State law defines hate crimes as acts initiated or perpetrated because of a bias against the victim. An offense designated a hate crime conviction carries enhanced penalties.
“The local law enforcement agencies are required to submit hate crimes each year. A report is compiled, local law enforcement submits to FDLE,” said spokeswoman Gretl Plessinger.
The majority of the 170 reported crimes in the most recent report were against racial minorities, with LGBT people being the No. 2 target. The numbers are the highest since 2008.
Fewer hate crimes were committed because of religion or national origin.

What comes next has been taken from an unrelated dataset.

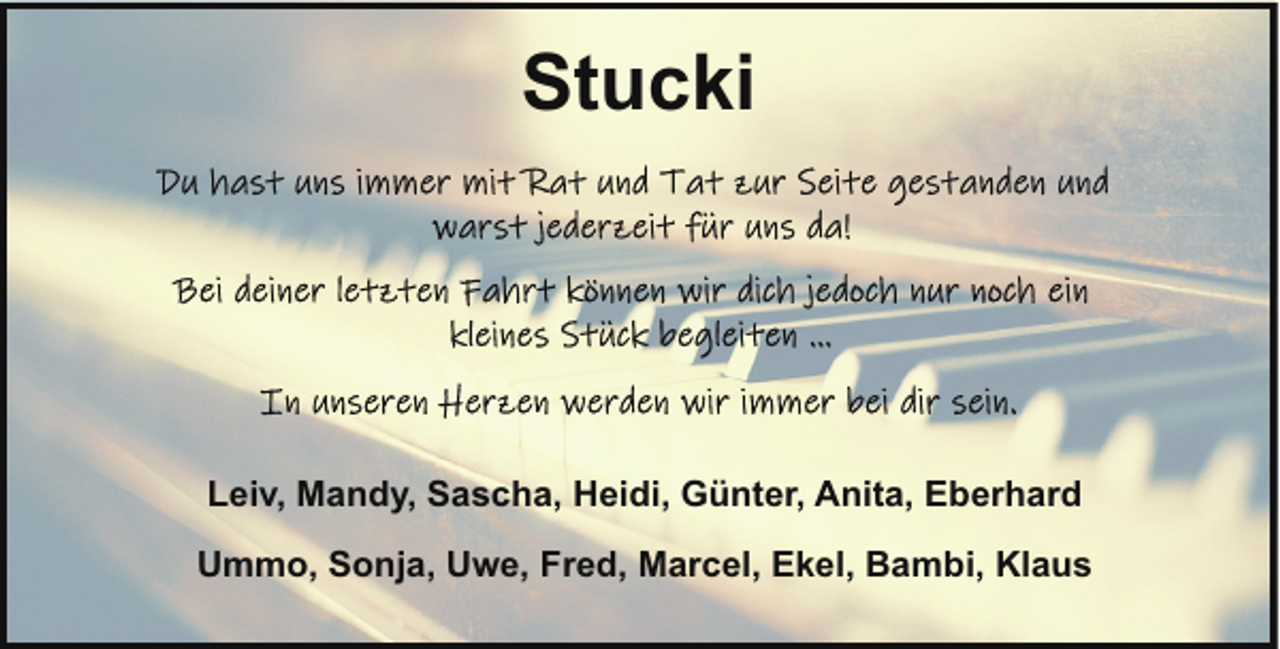 <p>Stucki</p><p>Leiv, Mandy, Sascha, Heidi, Günter, Anita, Eberhard<br />Ummo, Sonja, Uwe, Fred, Marcel, Ekel, Bambi, Klaus</p>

Victim advocates say the numbers are likely to get worse before they get better.
NAACP’s Dale Landry says his group is seeing an alarming number of incidents from groups promoting hatred.
“There’s been a lot of this behavior, the question is, is it getting ready to erupt or do we go in and stop it,” Landry said.
Attorney General Pam Bondi says hate crimes are senseless acts based on hatred, but groups are pointing at her and other state leaders for the rise in hate crimes.
“Things are starting to head back to where they were in the past because of a lack of leadership and a lack of a call of unity,” Landry said.
Orange, Brevard and Alachua counties reported the largest number of hate crimes. In Alachua County, home to the University of Florida, the Ku Klux Klan has been distributing recruiting flyers.
Gov. Rick Scott wasn’t available Thursday for interview about the hate crime increase, but his press office sent a statement about overall crime saying: “Gov. Scott is proud that Florida is at a 42-year low in crime and that we are on a path to a 43-year crime low.”